DATA SECTION –
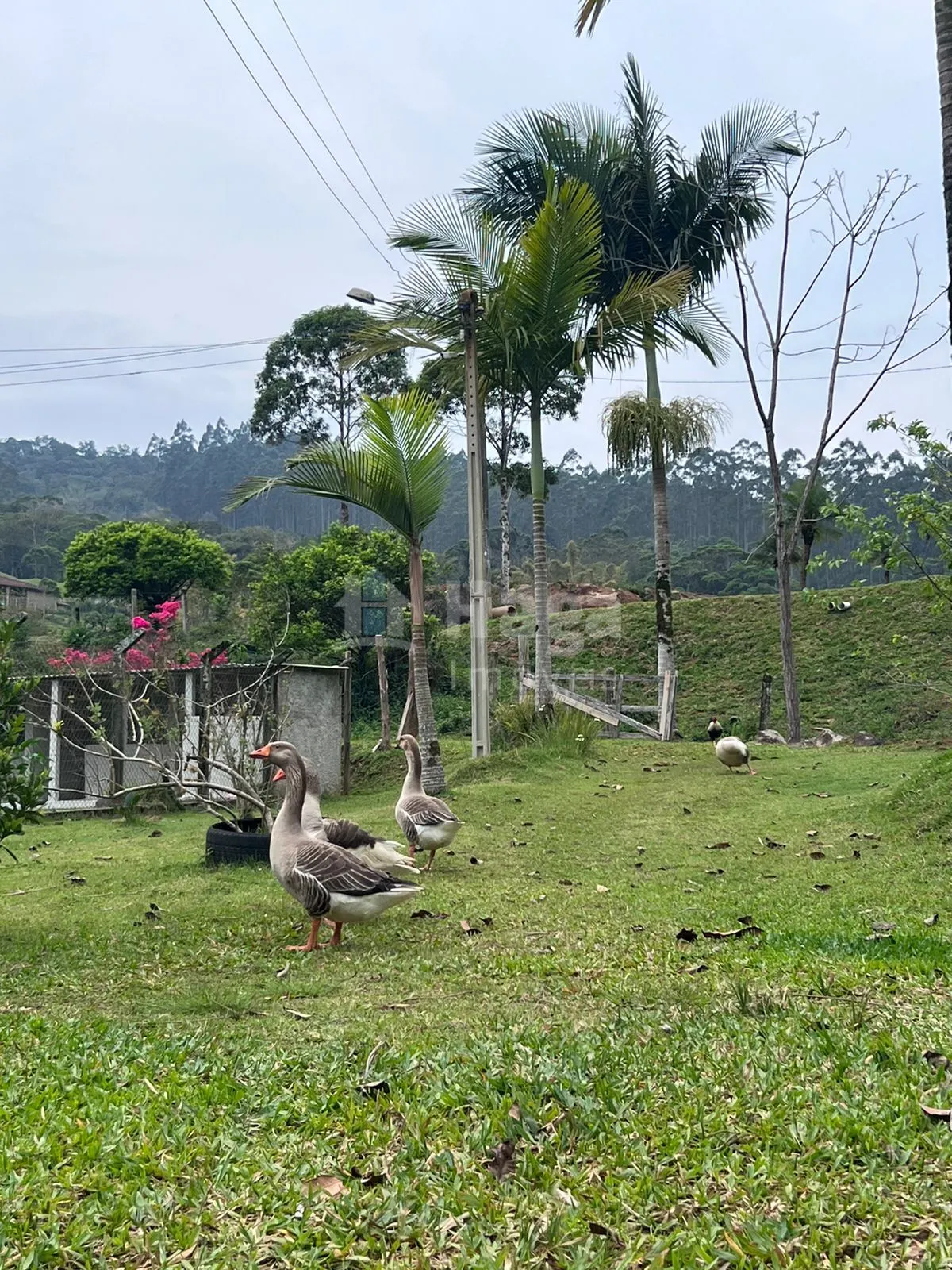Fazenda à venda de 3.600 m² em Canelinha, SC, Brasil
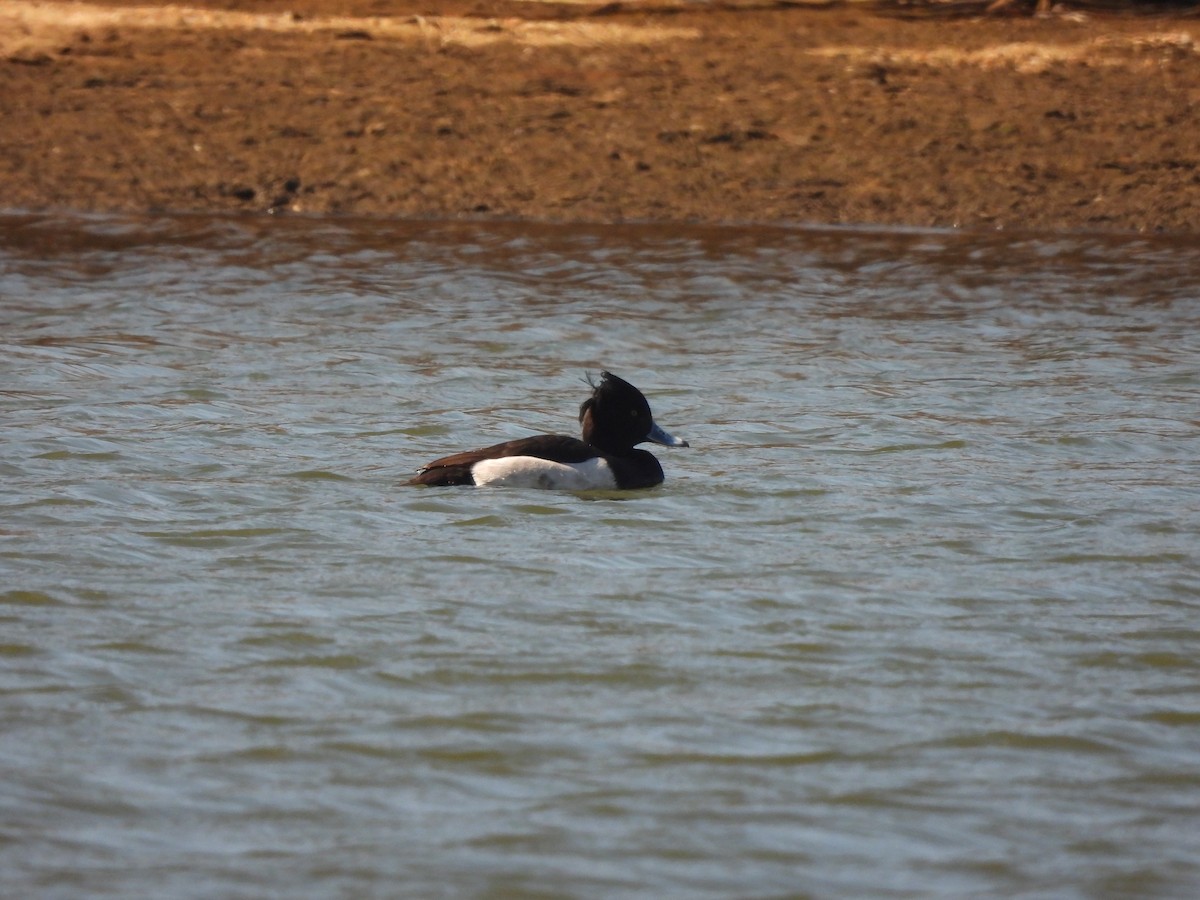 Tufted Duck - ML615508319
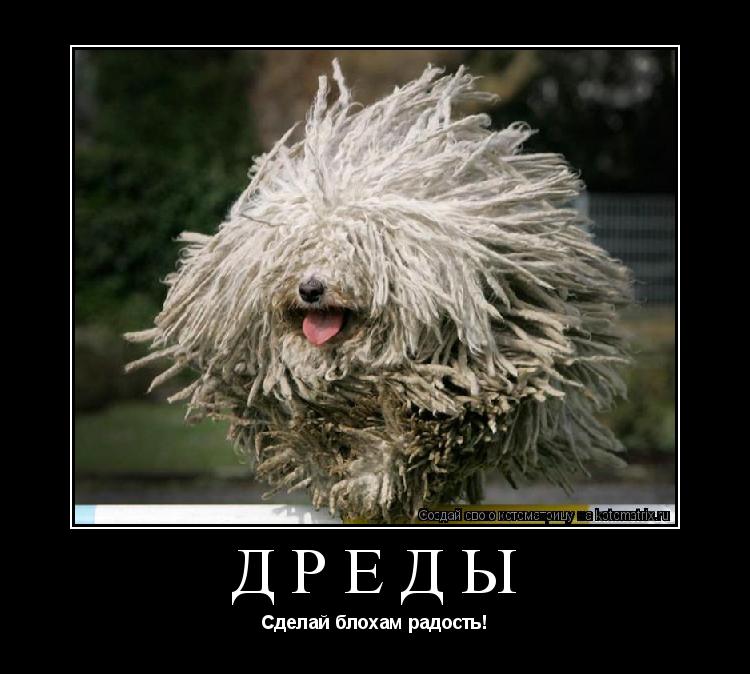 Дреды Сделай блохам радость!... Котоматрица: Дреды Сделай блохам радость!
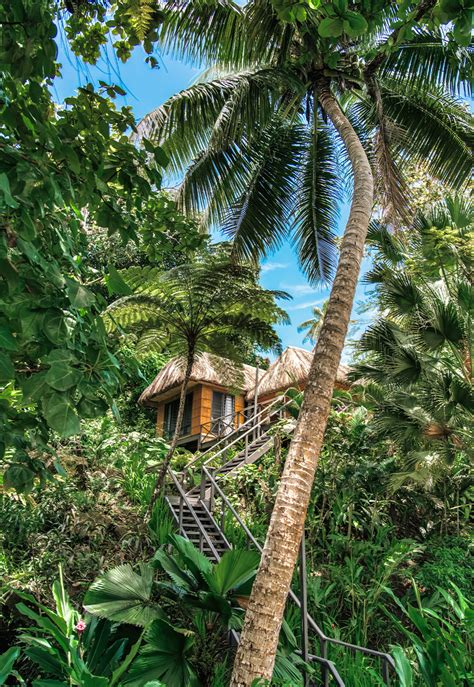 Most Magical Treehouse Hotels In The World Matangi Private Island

THE TASK –
Write all the lines above out again exactly, minus the images.

EXERCISE ANSWER –
Fazenda à venda de 3.600 m² em Canelinha, SC, Brasil
 Tufted Duck - ML615508319
 Дреды Сделай блохам радость!... Котоматрица: Дреды Сделай блохам радость!
 Most Magical Treehouse Hotels In The World Matangi Private Island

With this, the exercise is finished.